Culture is often seen as the ‘soft’ side of business, but the reality is that it’s often the hardest… the hardest to establish, manage and change. The definition of ‘culture’ I like is ‘The way we do things around here’, although I do also love the founder of Southwest Airlines 3D Thinker Herb Keheller’s definition “It’s what people do when no-one’s looking”.
Our research suggests 3D Businesses work hard to create an UBER Culture that creates real competitive advantage and reinforces their ‘Dramatic Difference’. They ensure that: everyone Understands the culture and what’s expected of the them and that employees consistently behave in line with that culture; Systems and processes are Built to reinforce and support that culture; employees are Empowered, Engaged and Enabled to live the culture; and they Reward and Recognise those that ‘live’ it!
A starting point is to establish a set of core values. So, what’s the ‘value’ of values?
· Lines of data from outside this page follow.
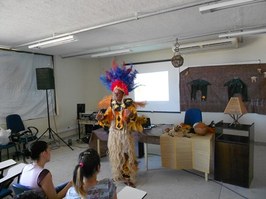 Pedagogia do Campus do Sertão estuda manifestações culturais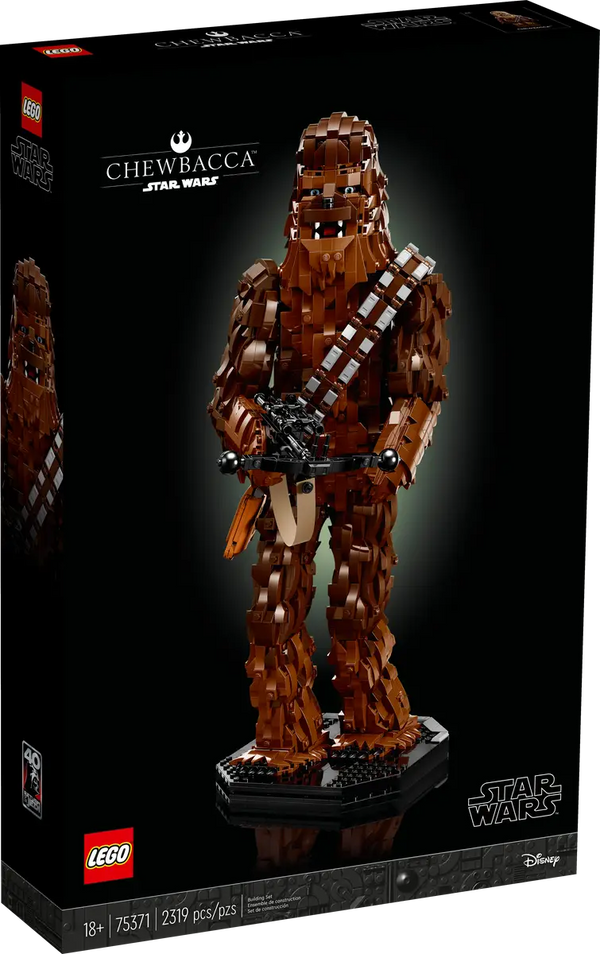 Lego: Star Wars - Chewbacca (75371)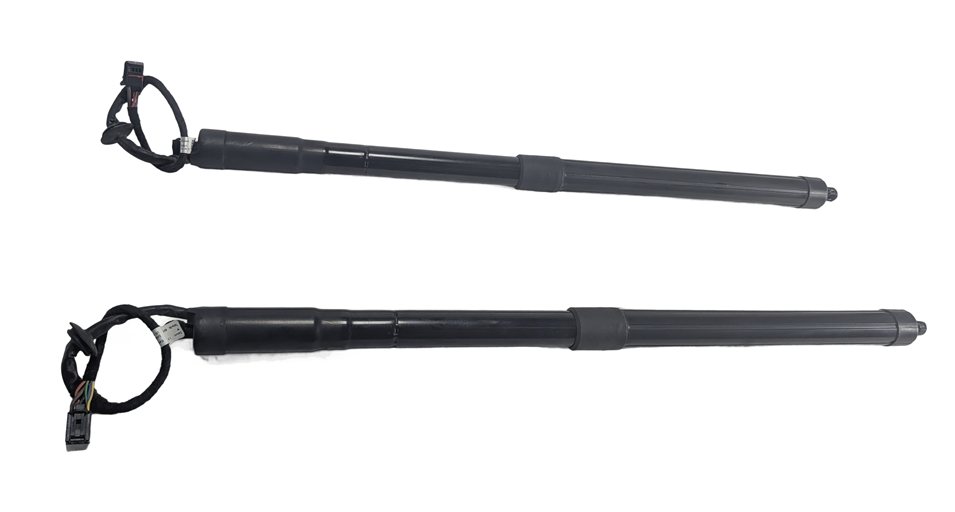 12-19 RANGE ROVER EVOQUE (L538) REAR ELECTRIC ASSIST TRUNK SHOCK STRUT SET-2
Well, your values ‘can’ help…
- Define the fundamental character of your business
- Shape how “We do things around here”
- Create a sense of identity and help build the brand and reputation of the business
- Determine how resources will be allocated
- Reduce game playing, politics and confusion
- Provide guidance for acceptable and unacceptable behaviours
- Recruit and retain the right people
I stress the word ‘can’ because it all seems easy…on paper. In fact, it is easy on paper but unfortunately, it has to go way, way beyond that! Simply producing a ‘set of values’ is NOT the answer! Here are some of the common mistakes I see businesses make when they look to establish their values:
Mistake #1: Lip Service….
Many leaders think once they’ve ‘ticked the box’ of establishing their values, they can leave it at that. I hear so many directors and business leaders say ‘Oh yes Andy, we have a set of core values’. “What are they?” I ask. “Something to do with ‘delighting’ customers, teamwork – all that sort of stuff. You’ll see them on a board down in reception”. They’re just playing ‘lip service’ to it all and there’s no meaning to them. Even worse, their actions as leaders actually contradict what those lovely posters say! That’s a common occurrence – According to the Mercer Hr Consulting Report only 45% of UK employees feel that their managers behave in a way which is consistent with organisational values!
Mistake #2: Too Many….
They are basically a list of things put together that don’t really define how you want things to be. This ‘catch all’ approach dilutes things and the result is they all become meaningless, and even contradictory.
Mistake #3: They’re Somebody Else’s….
Someone’s seen another organisation’s values and says ‘We’ll have them too’! They actually believe that by using the values of a ‘successful’ organisation, they too will be like them. Even worse, they bring in a management consultant to provide them! Let’s be honest, Zappos is Zappos! Pinching their 10 core values isn’t going to work in your business… that’s not to say that you can’t learn from them when it comes to establishing a culture that works (Check out 40 lessons here)
Mistake #4: They’re ‘Off The Shelf’….
Even worse, they pick out some nice ‘common sense’ words and phrases. The problem is that they don’t shape the behaviours they want and certainly don’t help establish the things that are unique about the business. According to Booz Allen Hamilton and Aspen Institute’s Business and Society Program researchers, most organisations’ values include similar words and ideas: 90% of them talk about ‘ethical behaviour’ or ‘integrity’, 88% mention commitment to customers, and 76% cite teamwork and trust. There’s nothing wrong with those words per se, but, let’s be honest, they’re just ‘the same as’ and ‘same as’ sucks!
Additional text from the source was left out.